Wells Fargo has offered modifications through the Making Home Affordable Program and from direct mortgage assistance programs to homeowners who faced defaulting on their home loan or foreclosure. While some of these modification efforts have been successful, there are still troubles that remain for some homeowners who are unable to benefit from this type of mortgage assistance.
There are reports that indicate homeowners with a variety of mortgage servicers, like Wells Fargo, have had difficulty meeting mortgage payments even when a modification plan was offered. Defaults during trial modifications or permanent modifications have been problematic and there is concern that these programs are not helping as many homeowners as they could.

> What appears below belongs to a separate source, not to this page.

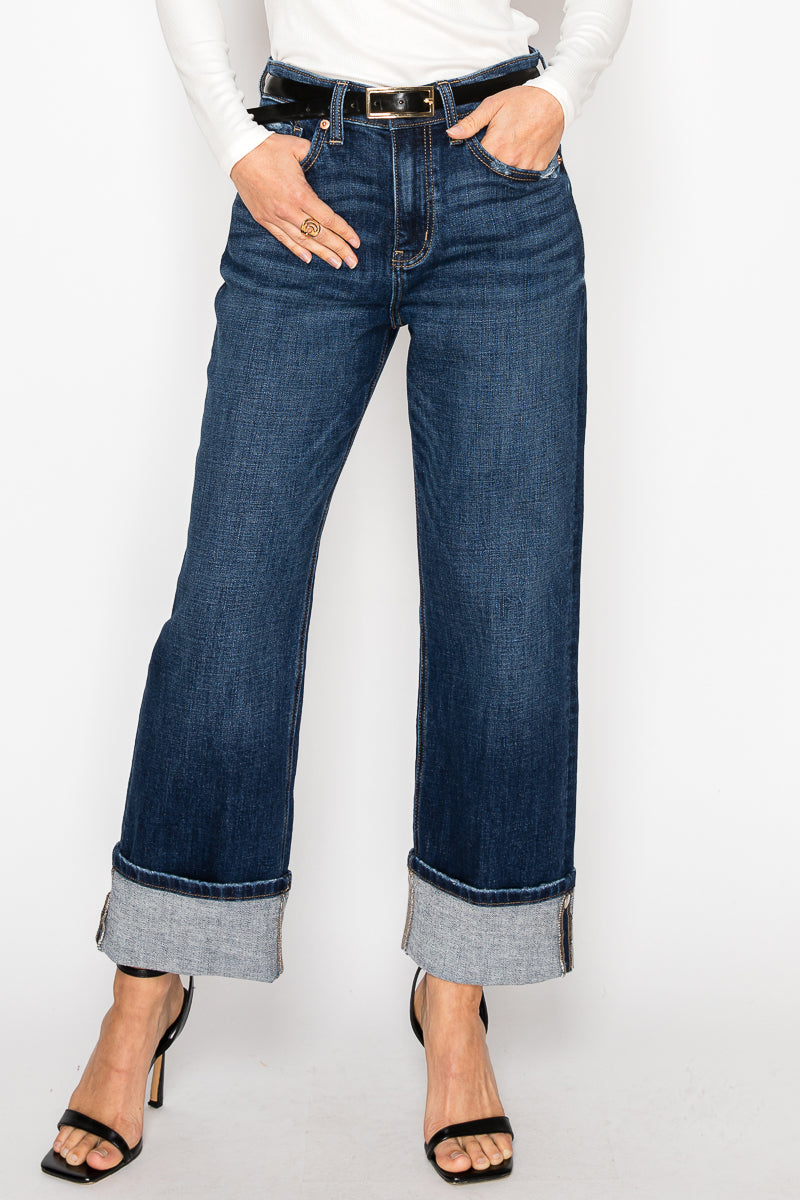 noelle inseam transform Noelle Inseam Transform High Rise Relaxed Straight Leg Jeans view 5 (bottom) - shop at us.meeeshop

Reports indicate that in-house modifications made directly from servicers have assisted more homeowners than the Making Home Affordable Program, but there is said to be a higher percentage of defaults in the servicer modifications than from those made under HAMP guidelines. It has been stated that some in-house modifications do not lower a homeowner’s mortgage payment as low as programs from the Home Affordable Modification Program, which could attribute to troubles from servicer-direct modifications.
Yet, factors like unemployment remain a major problem for many homeowners as reductions in mortgage payment obligations, interest rates, and even extended mortgage terms have been unhelpful. While Wells Fargo and other mortgage servicers continue to provide foreclosure prevention assistance for some, there are more homeowners who are calling for changes in these modification plans so that defaults will decrease and more homeowners will be able to avoid the loss of their home despite financial and economic difficulties.